Task prompt
Below this line are records; write out exactly the lines from the one containing "Profile Picture of" through the one containing "Części zamienne KENWOOD", with the pictures left out.

Dataset records
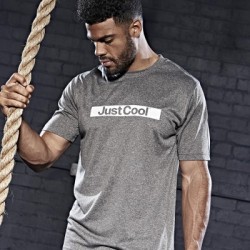 T-Shirt Cool Urban T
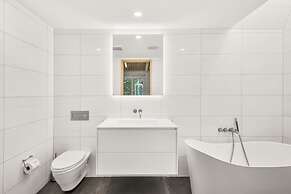 Aspen Snowmass Alps Apartments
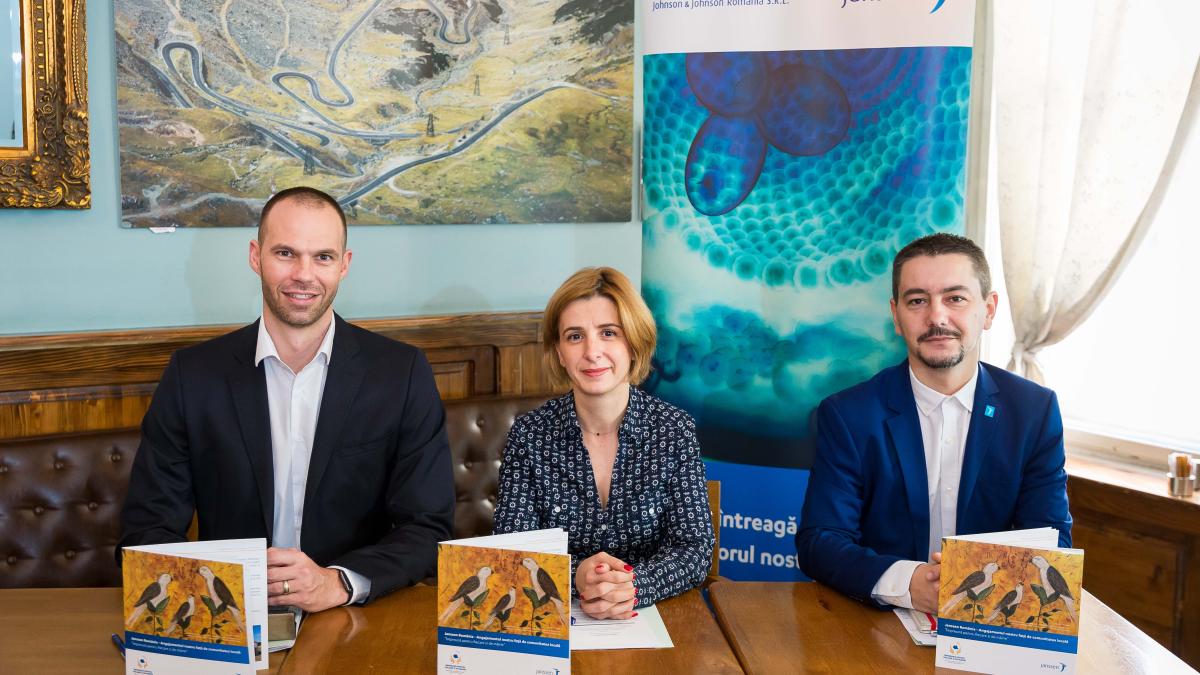janssen_romania_16878700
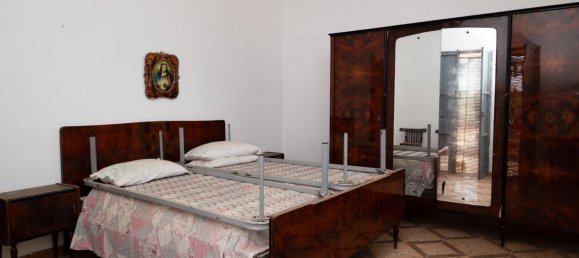 3 Schlafzimmer Haus in Ostuni, Italy, Nr. 328095 28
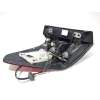 Recambio de piloto trasero derecho para subaru legacy kombi/outback b14 2.0 diesel cat referencia OEM IAM 84912AJ090  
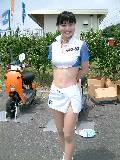 sayuri0308035092.jpg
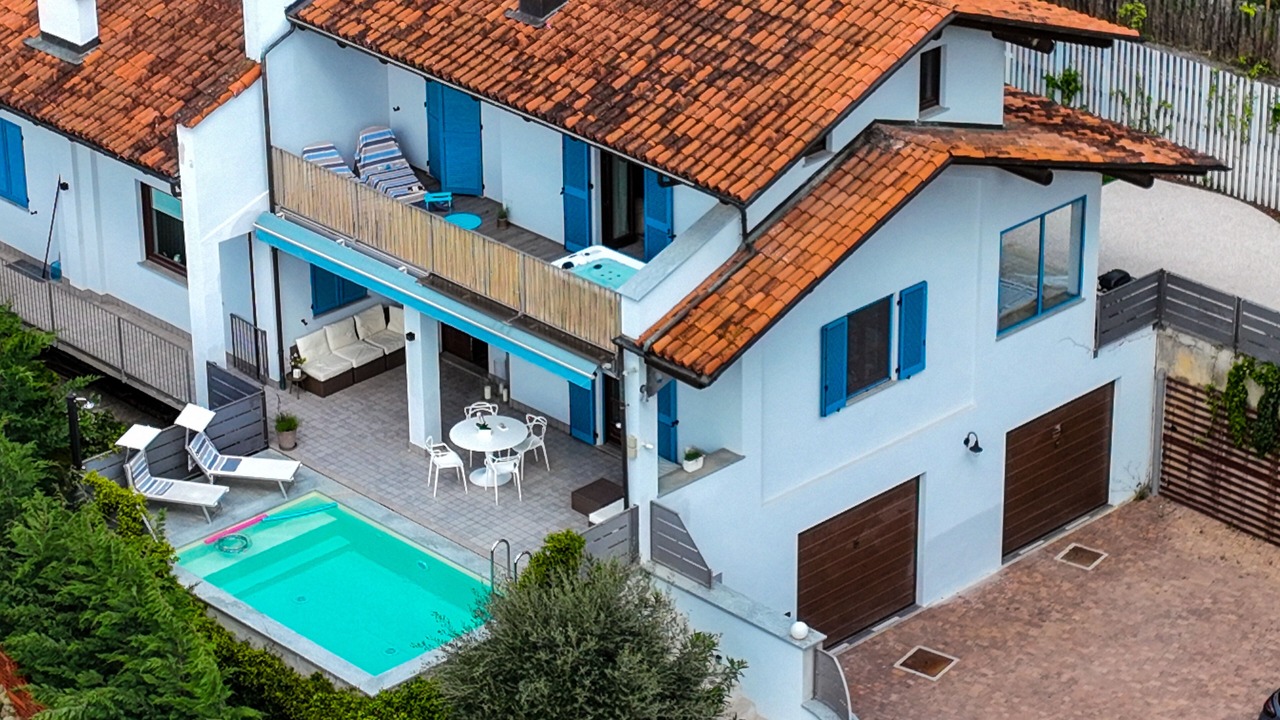Photo of Outdoor in Monforte d'Alba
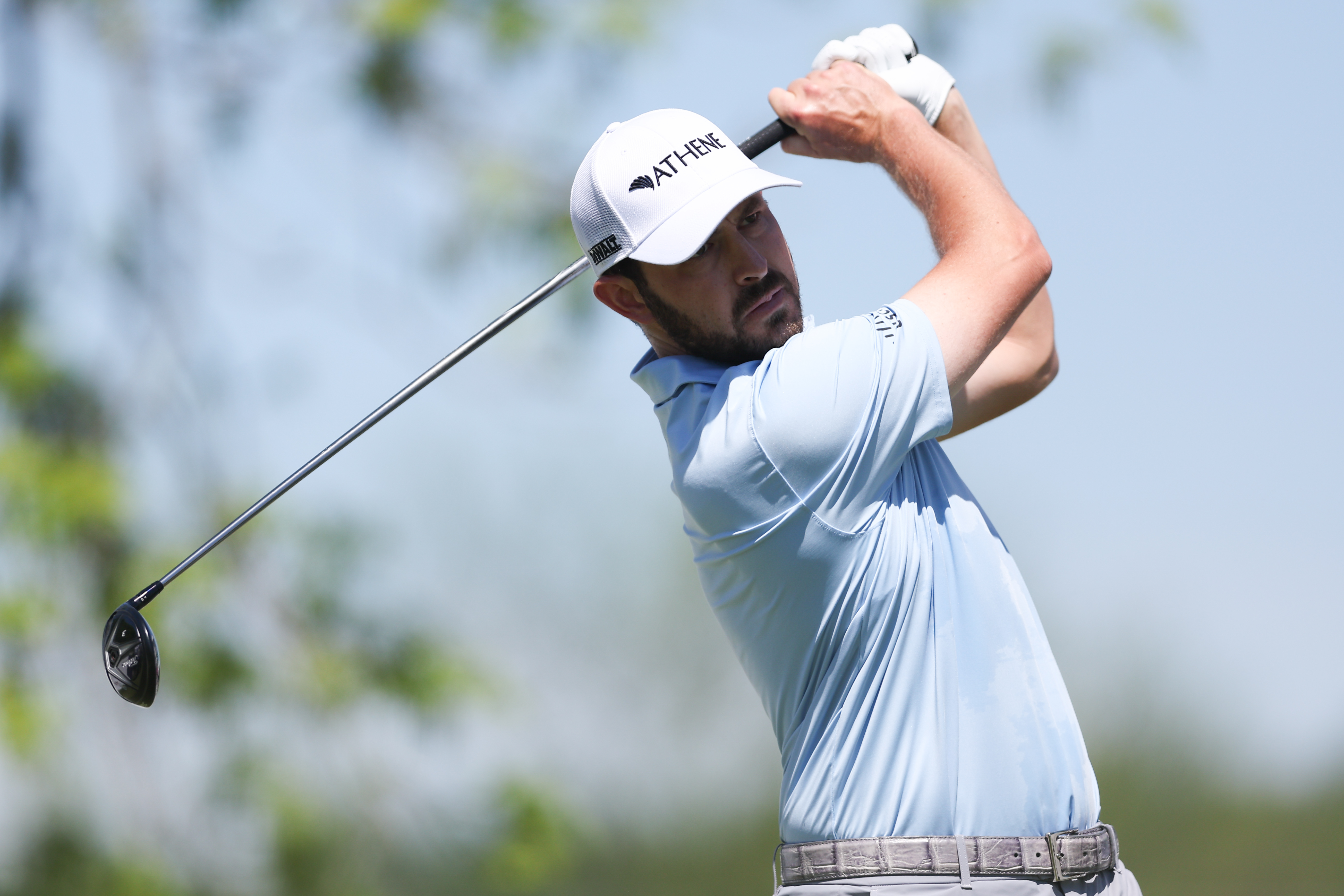 PGA Championship Picks to Win: Expert Outright Golf Bets for Quail Hollow Club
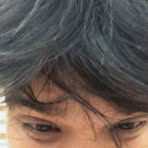 Profile Picture of Drake Matthew Cerbo (@Drake-Matthew-Cerbo) on Facebook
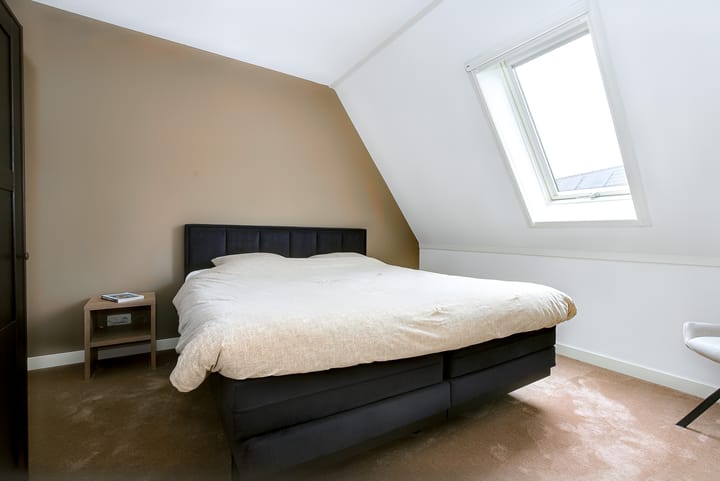 Foto 30 van Dominee van Rootselaarerve 3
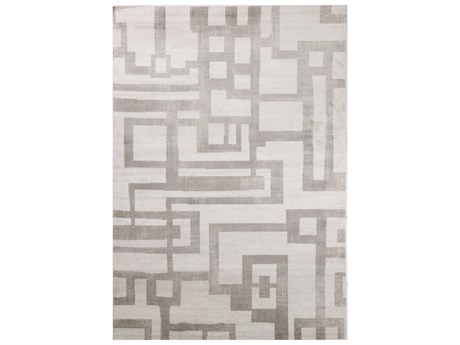 Bashian Ashland Geometric Area Rug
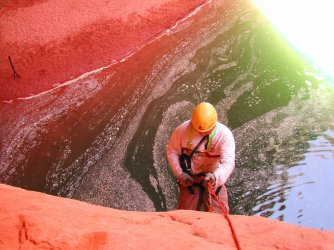 DSCN4738.JPG DSCN4738.JPG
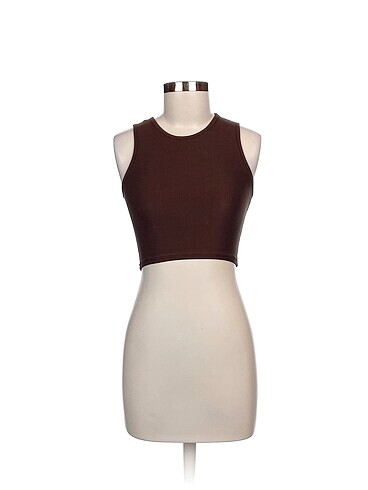 Vintage Love Bluz %70 İndirimli.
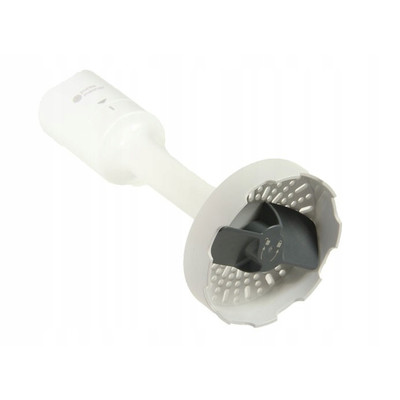 Części zamienne KENWOOD Nasadka do puree do blendera ręcznego Kenwood KW712999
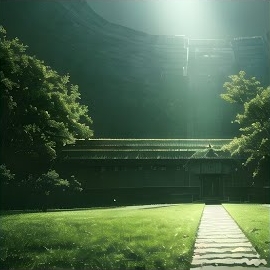 İyi Büyü&nbsp;Kapatalım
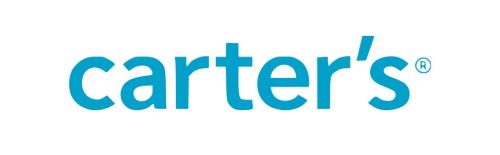 Carter's Logo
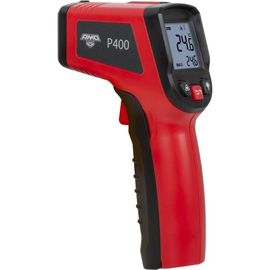 Пирометр AMO P400 
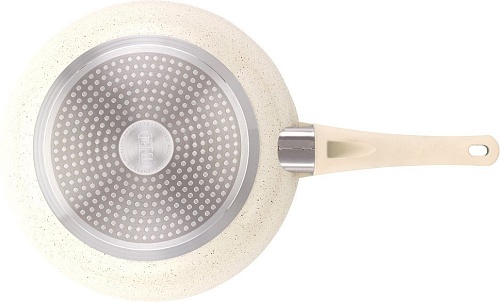 Сковорода Gipfel Sonrizo 0430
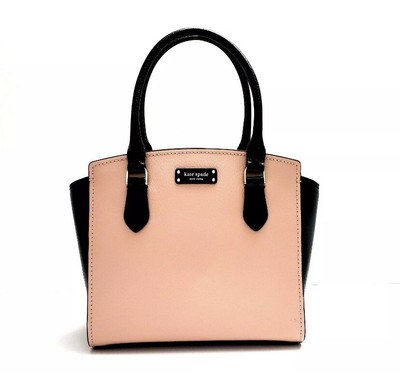 jeanne small satchel kate spade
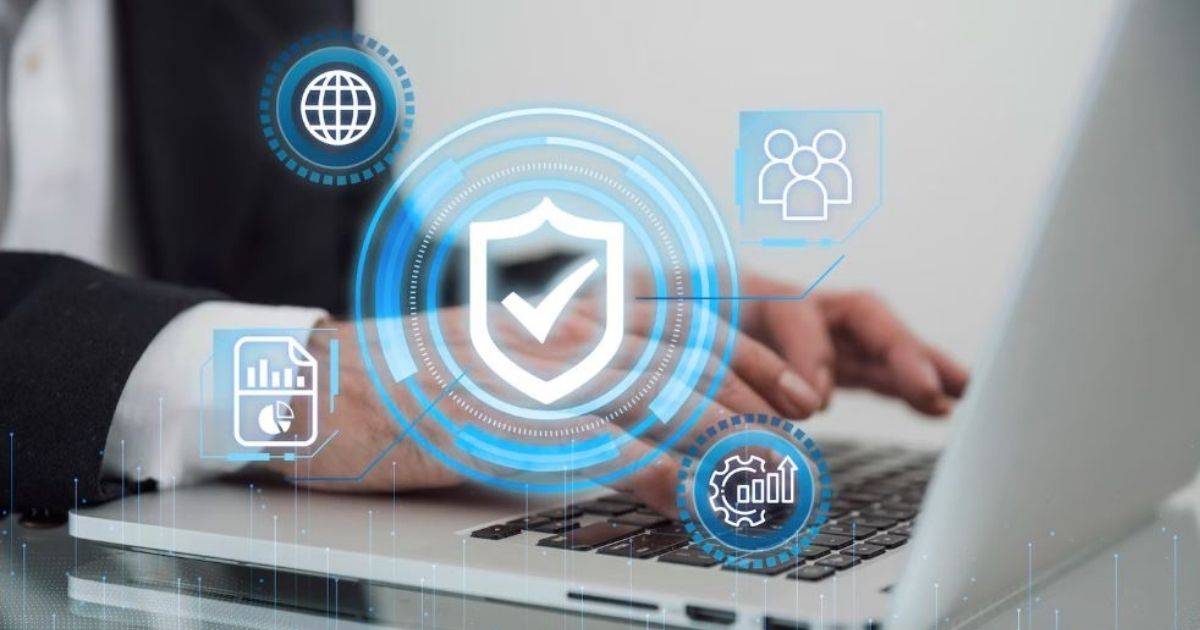 GSI autoriza armazenamento de dados sigilosos em nuvem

Answer area
 Profile Picture of Drake Matthew Cerbo (@Drake-Matthew-Cerbo) on Facebook
 Foto 30 van Dominee van Rootselaarerve 3
 Bashian Ashland Geometric Area Rug
 DSCN4738.JPG DSCN4738.JPG
 Vintage Love Bluz %70 İndirimli.
 Części zamienne KENWOOD Nasadka do puree do blendera ręcznego Kenwood KW712999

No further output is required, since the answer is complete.